Supplied data
§ §
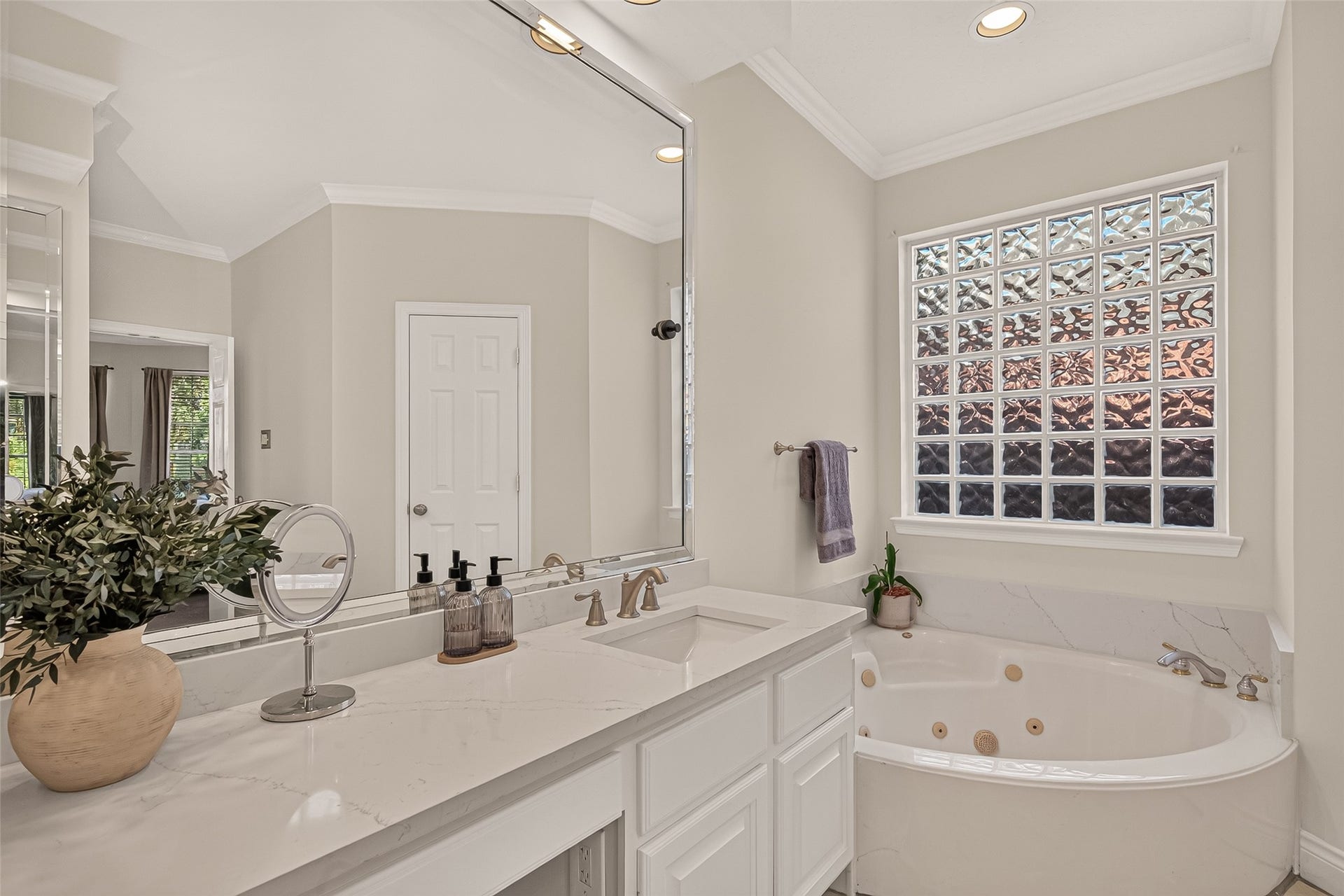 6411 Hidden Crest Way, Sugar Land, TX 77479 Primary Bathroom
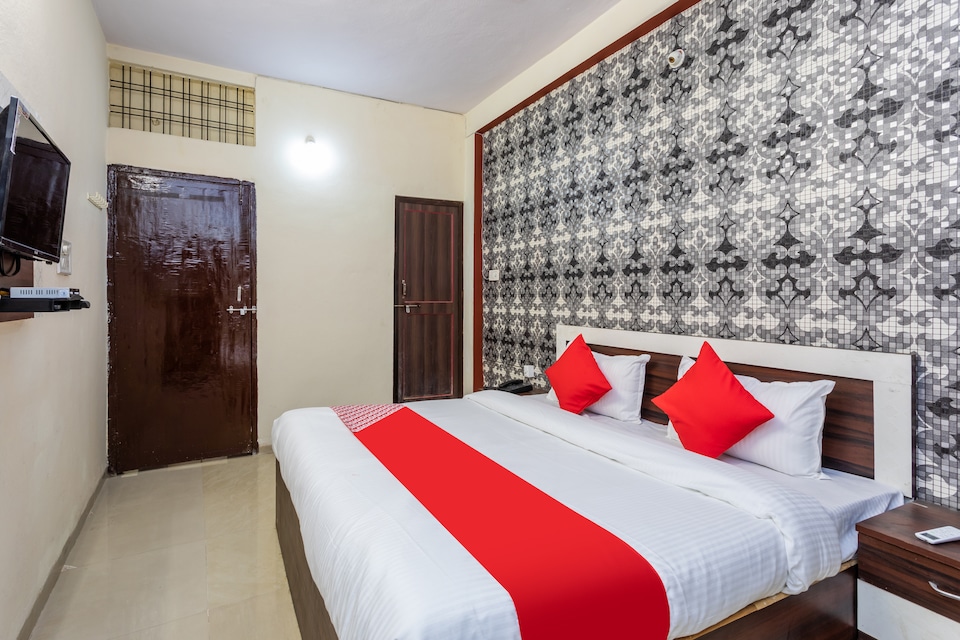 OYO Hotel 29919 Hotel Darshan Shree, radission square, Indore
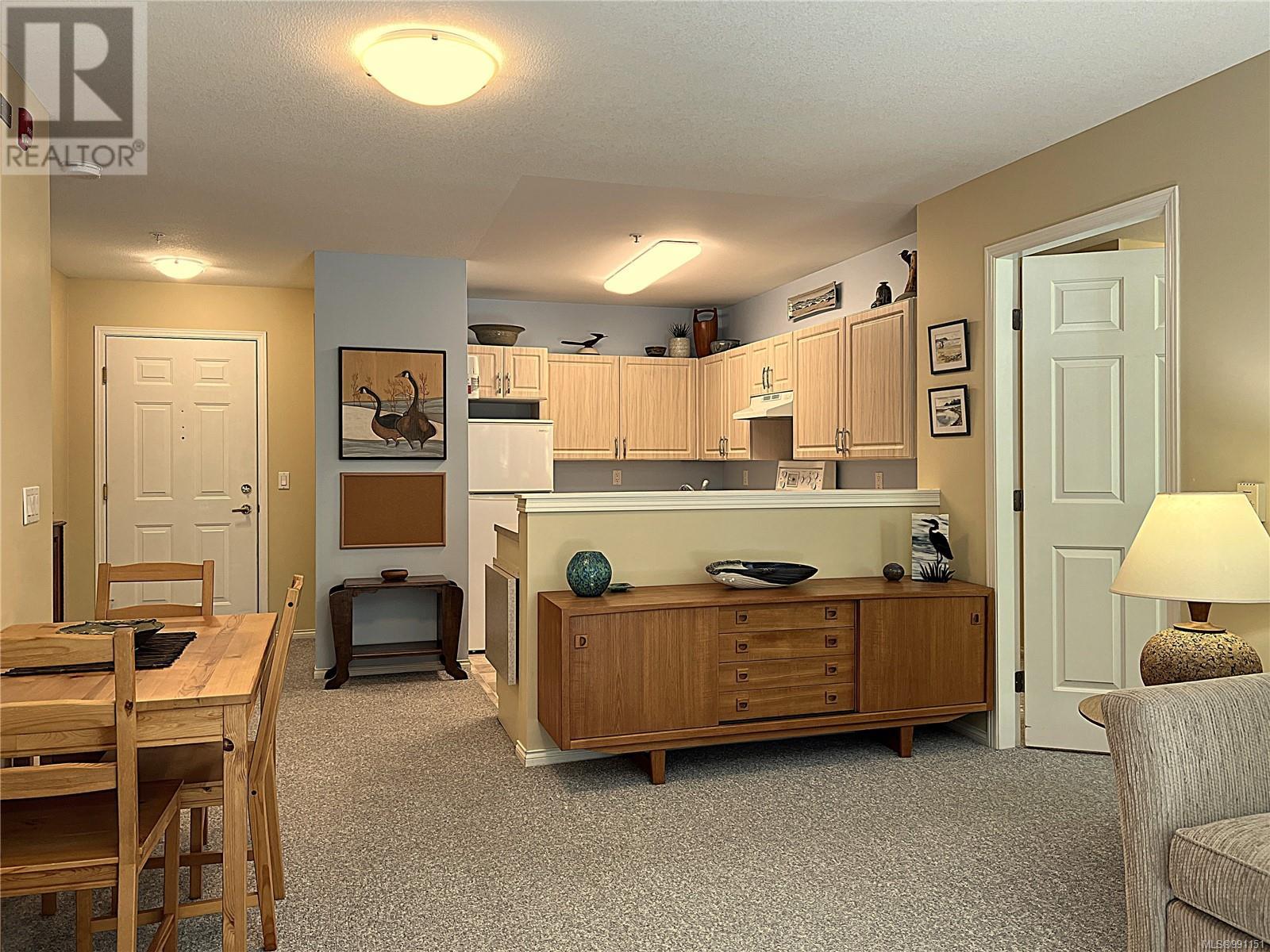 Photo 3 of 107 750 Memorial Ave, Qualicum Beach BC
§ §
What is needed
The images are to be left out; every line above should be set down exactly.

Exercise solution
 6411 Hidden Crest Way, Sugar Land, TX 77479 Primary Bathroom
 OYO Hotel 29919 Hotel Darshan Shree, radission square, Indore
 Photo 3 of 107 750 Memorial Ave, Qualicum Beach BC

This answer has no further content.